La structure narrative du film trahit d’ailleurs ce besoin du pathos, bâtie qu’elle est autour de la choralité des protagonistes, à l’instar de ce que proposait Paul Haggis dans le très pondéré et consensuel Collision. La comparaison n’est pas sans pertinence ; les deux films partagent de nombreux points communs, ce qui, pour Droit de passage, n’a rien d’un avantage, tant Collision finissait par s’affaler à force de vouloir rester le cul entre deux chaises. Trop de consensus aboutit régulièrement à une annulation pure et simple du message. Pour un peu, ce serait la définition du film à Oscars ; et pourquoi pas ? Sauf qu’il y a quelque chose d’immoral à transformer une réalité brutale en fontaine à larmes. Et comment caractériser autrement un film – Droit de passage, donc – qui se permet une séquence où la mère et les frères et sœurs d’une jeune musulmane lui disent au revoir en centre de rétention avant qu’elle ne doive quitter le territoire, suite à une rédaction insolente sur l’énonciation terroriste, et sans le père, à qui l’on a défendu de tenir une dernière fois sa fille dans ses bras ?

Quelques séquences réussies donnent toutefois à imaginer ce que le film aurait pu être s’il avait fait le choix de prendre parti – et pas nécessairement au sens politique, sinon dans le choix de la tonalité. Ainsi, l’intrigue qui accompagne le duo d’agents de l’Immigration interprétés par Ford et Cliff Curtis méritait mieux que de se trouver mêlé à tant de guimauve ; l’enquête menée par le vieux briscard humaniste au sein de la famille iranienne traditionnelle de son coéquipier atteint son paroxysme lors de la cérémonie de naturalisation tant attendue par les membres de cette fratrie, lorsque la terrible vérité d’un meurtre de sang froid vient rebondir contre les sonorités de l’hymne américain chanté avec le cœur et l’âme par les participants ; alors qu’une famille s’autodétruit, une autre, de dimension nationale, se forme.

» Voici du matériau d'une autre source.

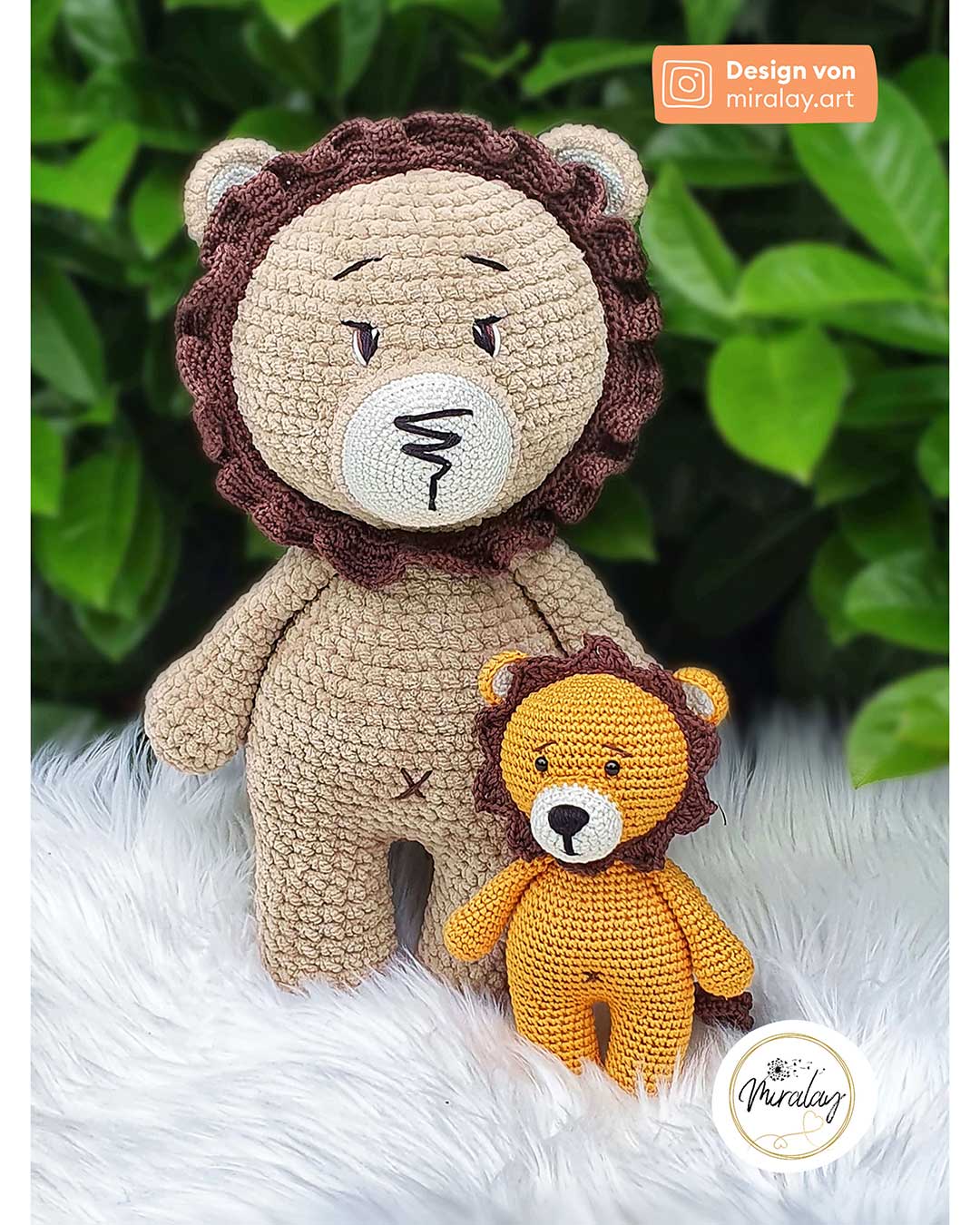 Anleitung Amigurumi-Löwe Paul aus Baumwolle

Là réside le vrai sujet, malheureusement à peine effleuré. Autre lieu, autres protagonistes : la jeune musulmane qui s’apprête à prendre l’avion esquisse, en silence, un dernier message à son père dissimulé dans la foule anonyme. A croire que ce n’était pas si compliqué, à apprécier ces beaux moments, que de faire preuve d’une belle humilité.